The Japanese refugees are housed in a school building a few blocks from us. They are free to move around but very few dare to venture out. The Korean People's Militia guard the Japanese per agreement with Gen. Abe, but the Militia has no jurisdiction over the Soviets. During the night, some Russians openly walk past the Korean guards and rape the women - young and old. All Japanese men shave their head (their custom during WW2) and so the Russians feel around for people with hair. Soon the Japanese women and children shave their head. It is also good for controlling head lice.
Gen. Abe had stockpiled six months' provisions for his people. But the Russians have confiscated the stockpile for their own use. It is painful and sad to watch Japanese men (former teachers, neighbors, medical doctors, etc.) going around the Korean neighborhood begging for menial jobs. Most of us do our best to help, but some Koreans throw rocks at the poor Japanese. Countless Japanese die of starvation and disease.
The Soviets cart off everything they can lay their hands on. They take all Japanese properties - factories, house furniture's, food stocks, supplies, vehicles - anything not tied to the earth is loaded on to trains headed to Siberia. They take the 6-month rice stock Gen. Abe gave to the Korean People's Committee. Korean students demonstrate against the Russians in Hamhung and Sinyiju - to no avail. Every day, train loads of our properties and food stocks leave for Russia and there is not a single thing we can do to prevent it. The communists say that it is all legal - the Russians are collecting their war reparations. Everything we have belongs to the Japanese - according to the Russians; Koreans own nothing.
Stalin formed the 25th Division of the Red Army with prison inmates and other scum of the Soviet nation. The soldiers of the 25th were dumped onto Korea ill-trained and poorly equipped. Many of them did not have proper uniforms and lived off the land. The Red officers looked the other way when their soldiers raped Korean and Japanese women and stole properties.
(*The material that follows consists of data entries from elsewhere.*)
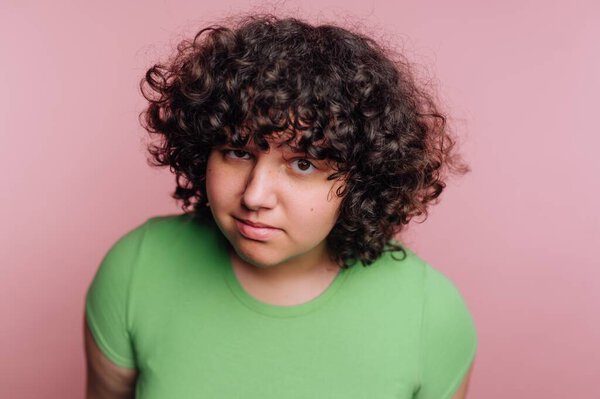 Молодой человек с вьющимися волосами стоит на мягком розовом фоне. Они носят ярко-зеленую рубашку и демонстрируют легкую ухмылку, источая чувство уверенности и стиля..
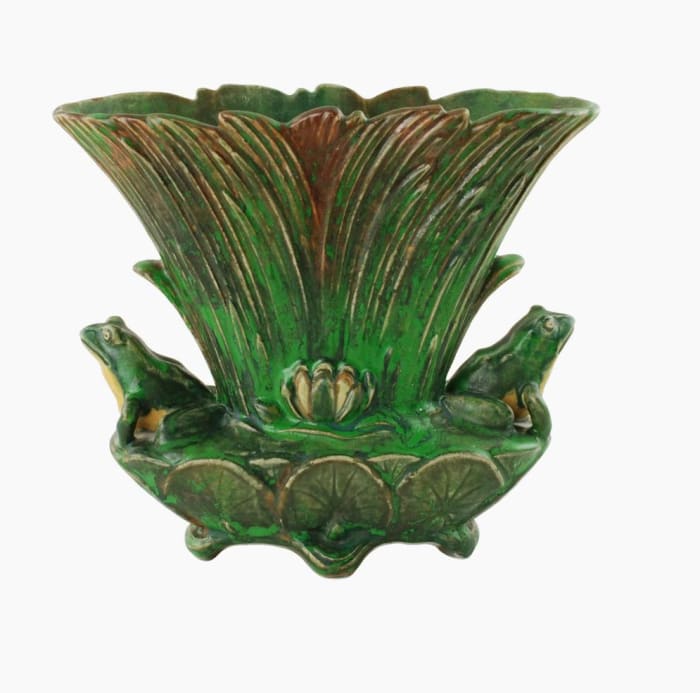 The authentic 1920s’ fan-shaped Coppertone vase, with a series of overlapping reeds and featuring two lifelike dimensional frogs that are seated at either side of the reeds. The front and back of the piece bear molded cream-colored water lily flowers located at the center, while the lower portion is decorated in overlapping  lily pads. The piece is elevated on four feet; $1,250.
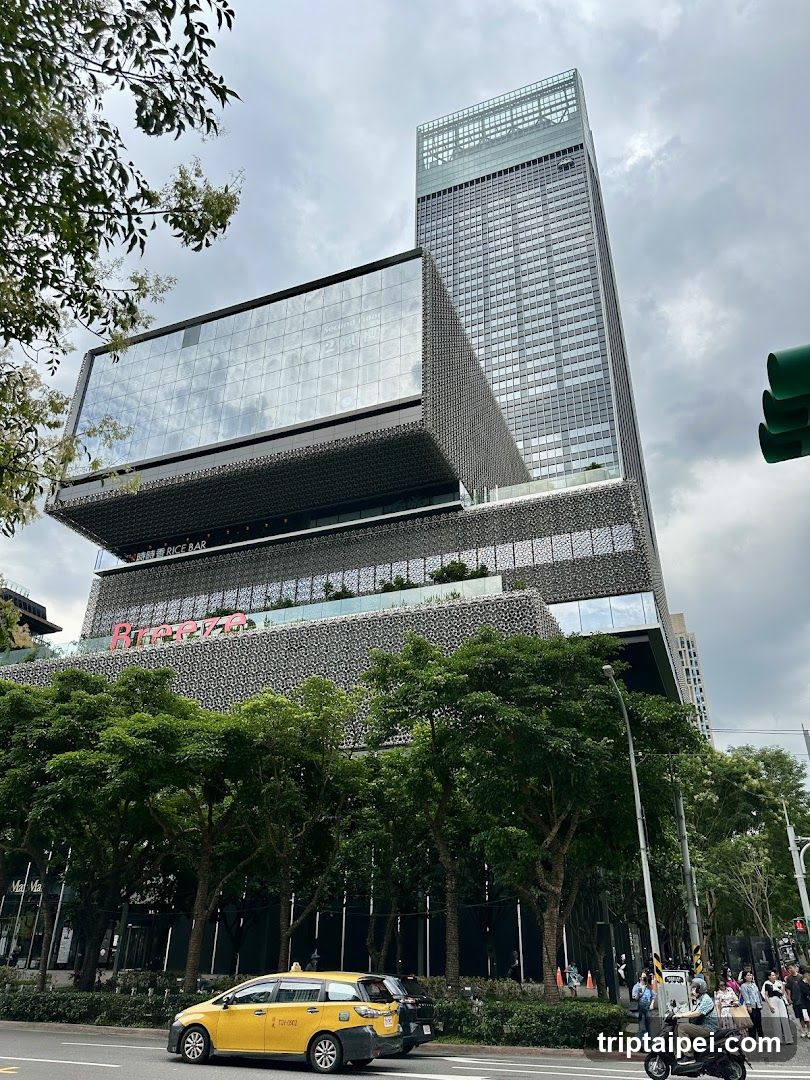 A modern high-rise building with a distinctive architectural design featuring a large glass facade and a textured lower section. The Ritz-Carlton sign is visible on the building's exterior. A yellow taxi and other vehicles are parked in front, surrounded by lush green trees under an overcast sky.
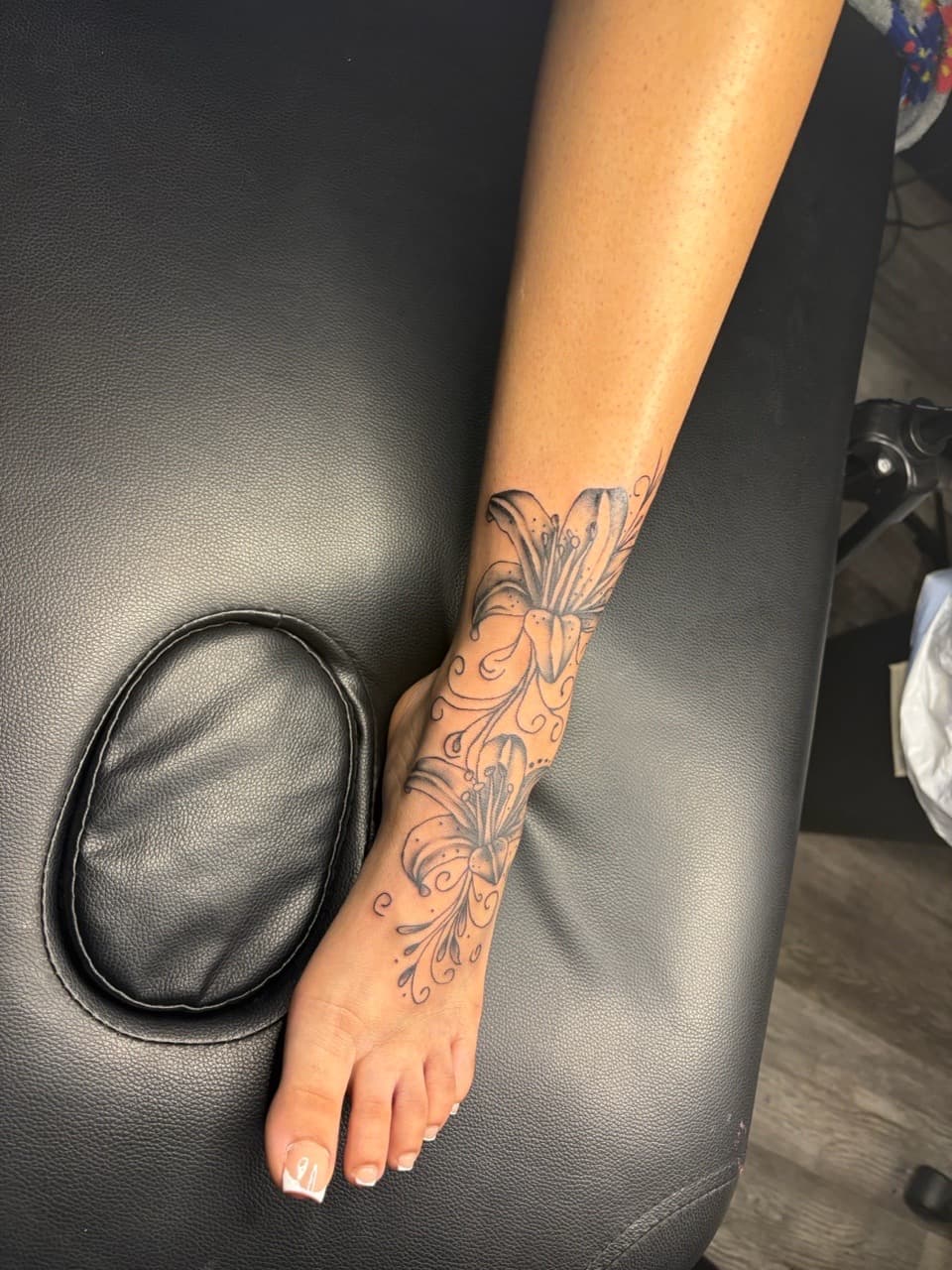 Fine Line + Black & Grey lilies tattoo on Foot by MaleekInkz on TattMe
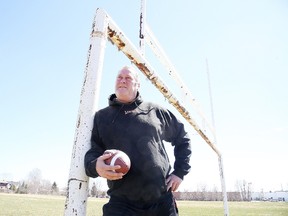 Gino Donato/Sudbury Star
Local high school teacher Mike Derks, a former Canadian Football League offensive lineman and Grey Cup champion, poses for a photo at Lasalle Secondary School, where he teaches. Derks has been battling concussion symptoms.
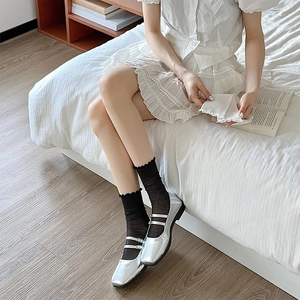Detail of silver patent leather Mary Jane shoes paired with black ruffled knit socks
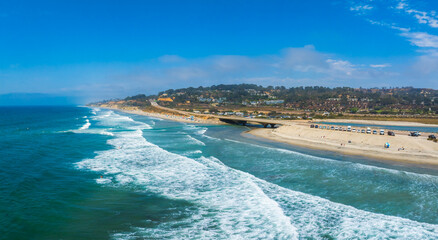 Aerial view of San Diego's coastline featuring a sandy beach, a prominent bridge, and a developed area with buildings. Vehicles and people are visible.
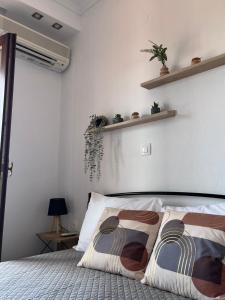 a bedroom with a bed with two pillows on it at Seaside Athos I in Ouranoupoli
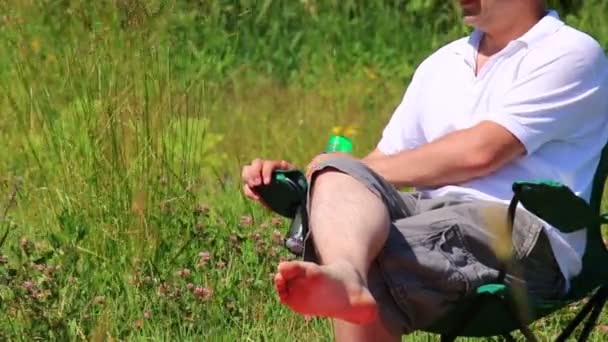 Bir Adam Bir Katlanır Piknik Sandalyede Oturur Suyu Içer — Stok video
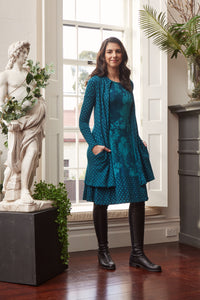 Valia Dixie dress in double weight wool jacquard floral print with spot border Brittany teal turquoise.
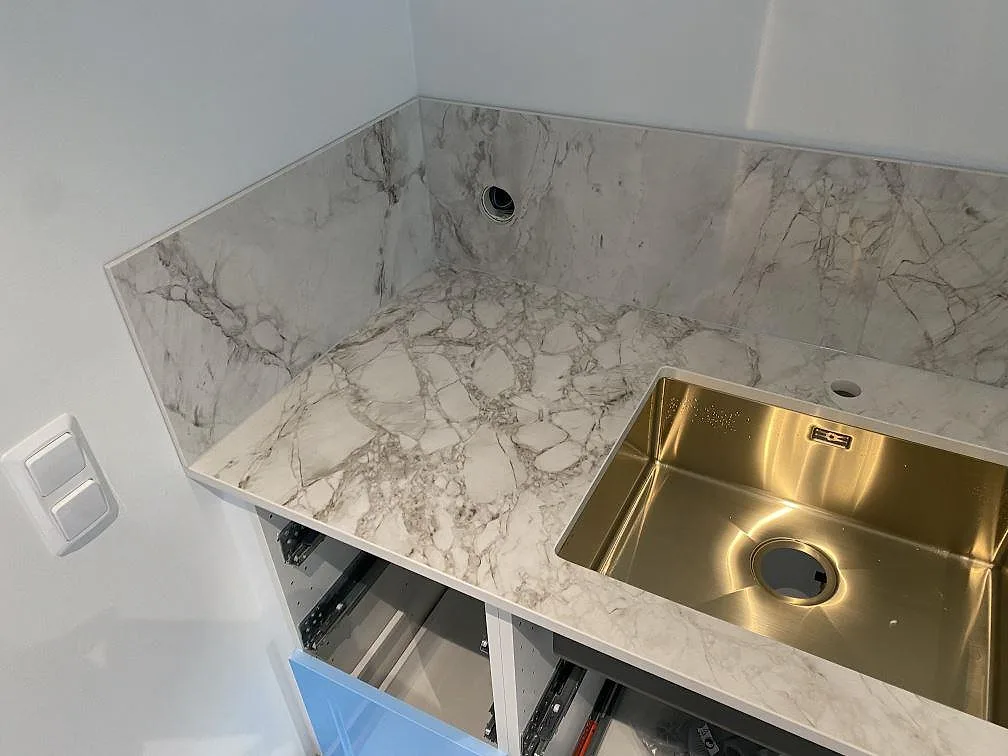 Hörnsektion av köksbänkskiva i Dekton Bergen med underlimmad mässingston diskho och stänkskydd, polerad keramik i ett kök i Hjärup.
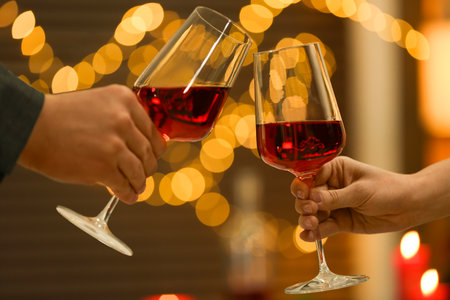 Couple clinking glasses of wine against blurred lights, closeup. Romantic dinnerの写真素材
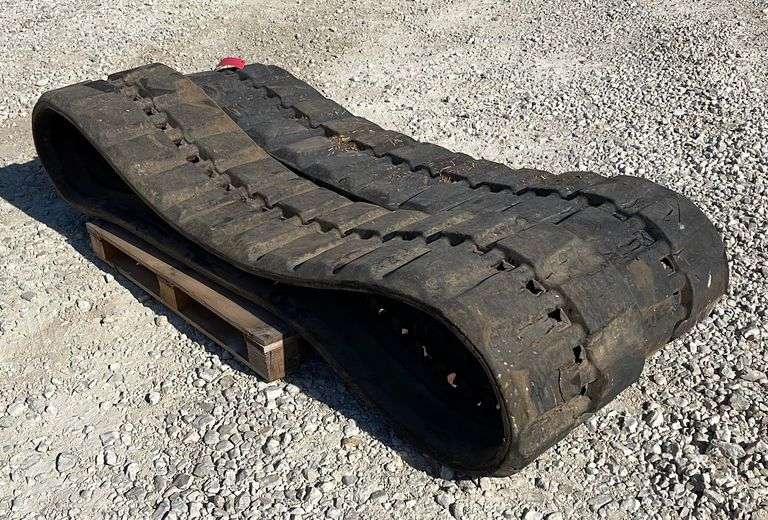 Pair of used matched skid steer tracks Schneider Auctioneers LLC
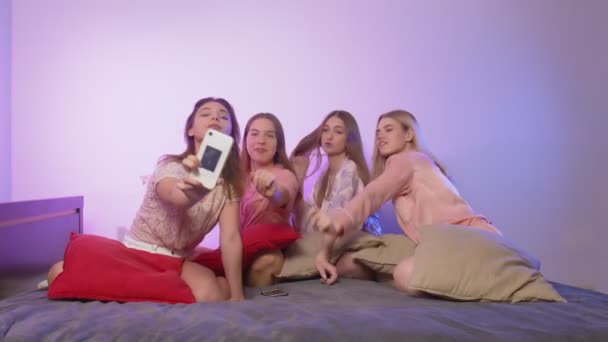 Four happy pretty young women in pajamas sits on bed, sings and records video on their phones at bachelorette party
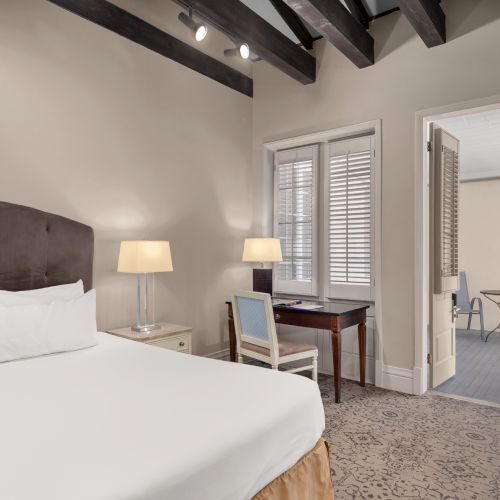 The image shows a neatly arranged bedroom with a bed, side table, lamp, desk, and chairs in an adjoining room.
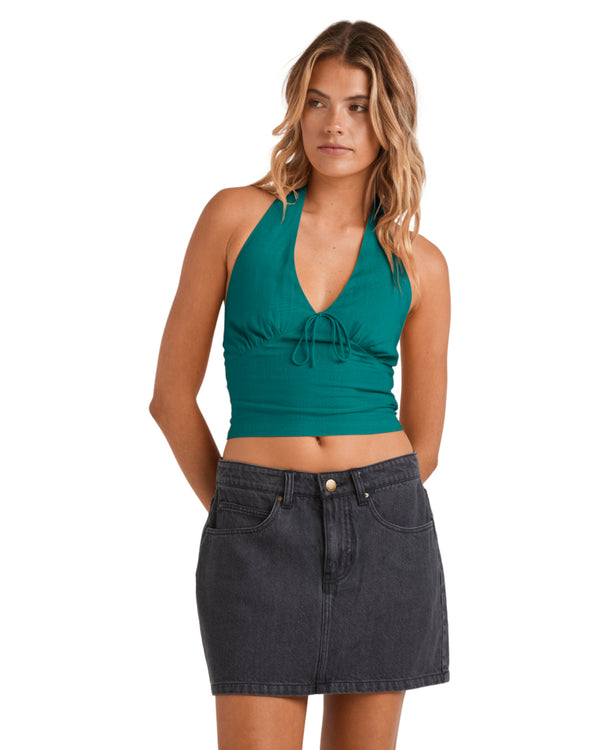 Woman wearing a teal halter neck crop top with a tie detail and a black denim mini skirt.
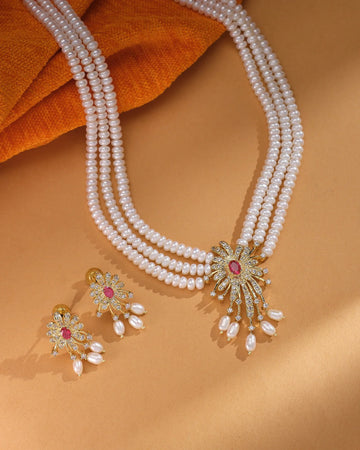 The Golden Bloom Flory Designer Set by Chandrani Pearls features three pearl strands and a floral jeweled pendant with matching earrings, elegantly displayed on a tan surface with orange textured fabric.
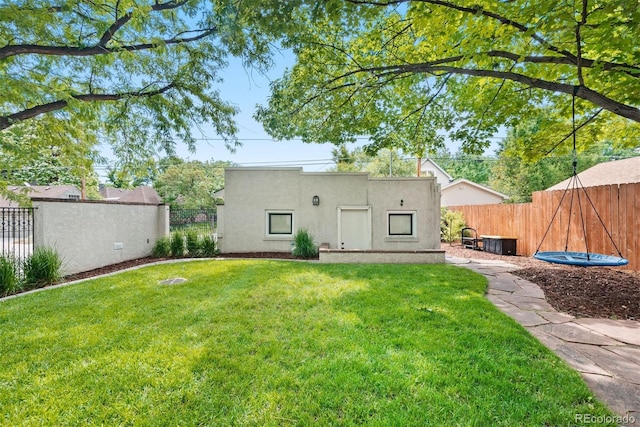 rear view of house featuring a lawn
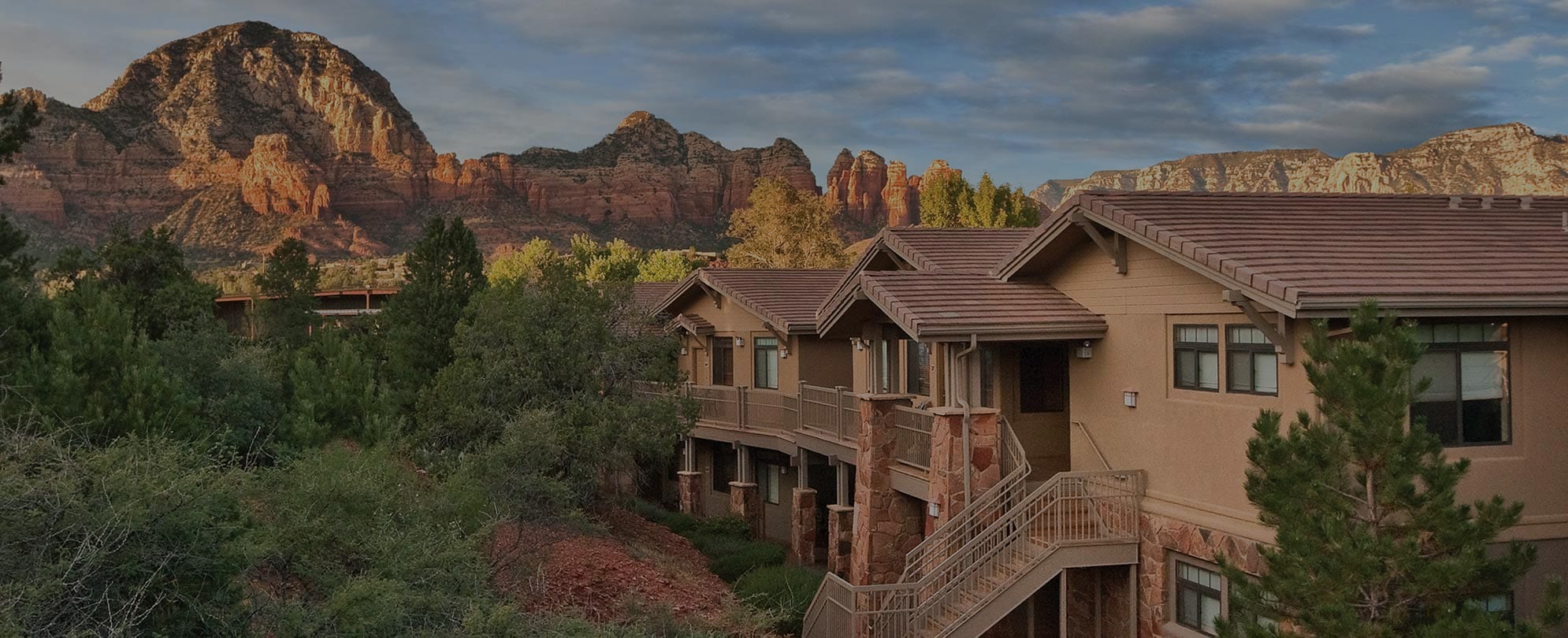 The exterior of Club Wyndham Sedona, a timeshare resort in Sedona, AZ, with red rock mountains in the distance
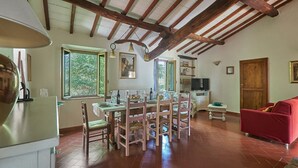 A dining area with a wooden table and chairs, a television, and a red sofa in a rustic room with exposed wooden beams and large windows. - Il Pascolo, San Gimignano, Siena and Chianti (San Gimignano)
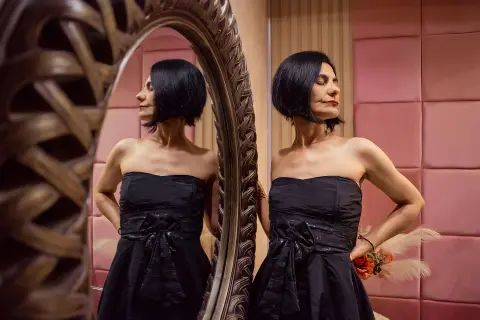 Elegant woman in a black strapless cocktail dress posing confidently in front of a vintage mirror.
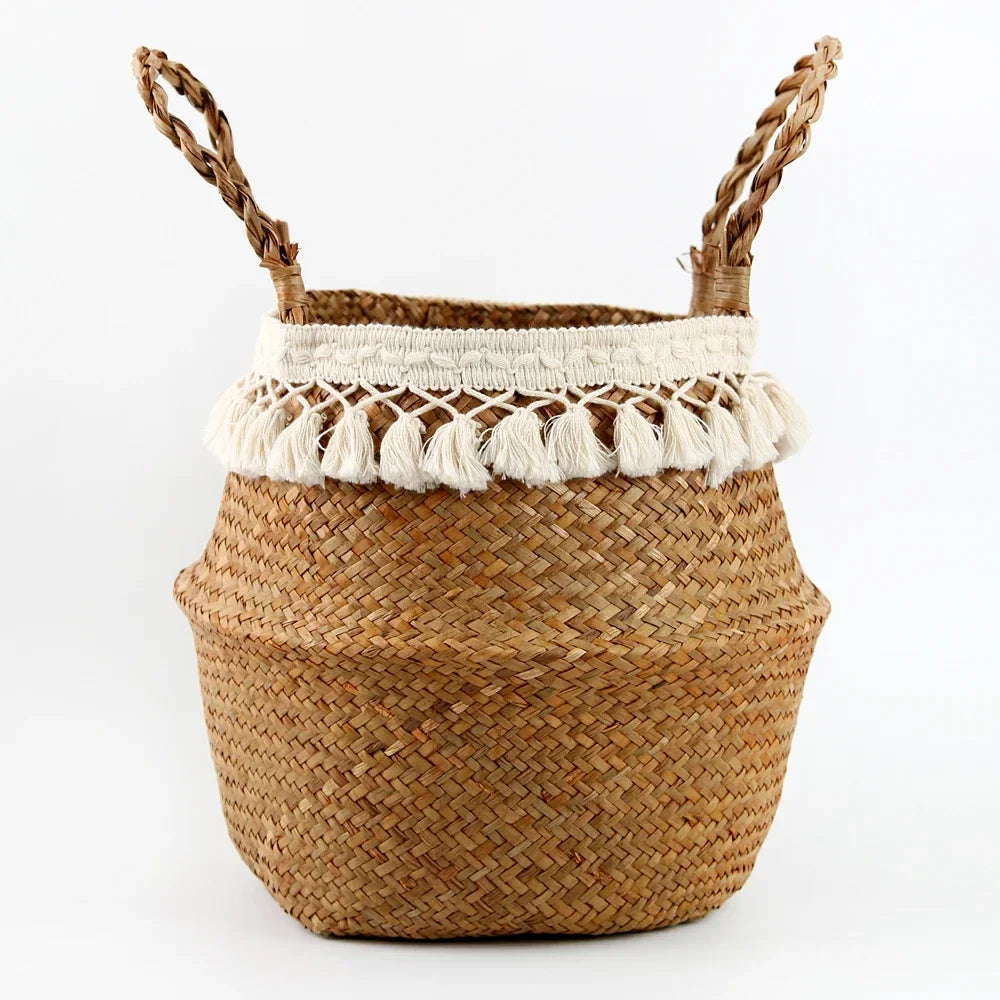 a woven basket with two handles and tassels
Photo: Japanese refugees being guarded by US soldiers in Manchuria
May 1946 - Across from our house is a small meadow, full of wild flowers and trees. Children used to play hide and seek in the meadow. But no more. It is turned into a ghostly graveyard for the Japanese refugees. Deep trenches are dug all over the meadow. Each trench is good for 50 to 60 bodies. All day long masked Japanese men, who are walking skeletons themselves, trudge up the hill carrying dead bodies. Fresh bodies are dumped into a trench and then covered with a layer of lime in order to discourage animals from eating the bodies and also to disinfect the corpses.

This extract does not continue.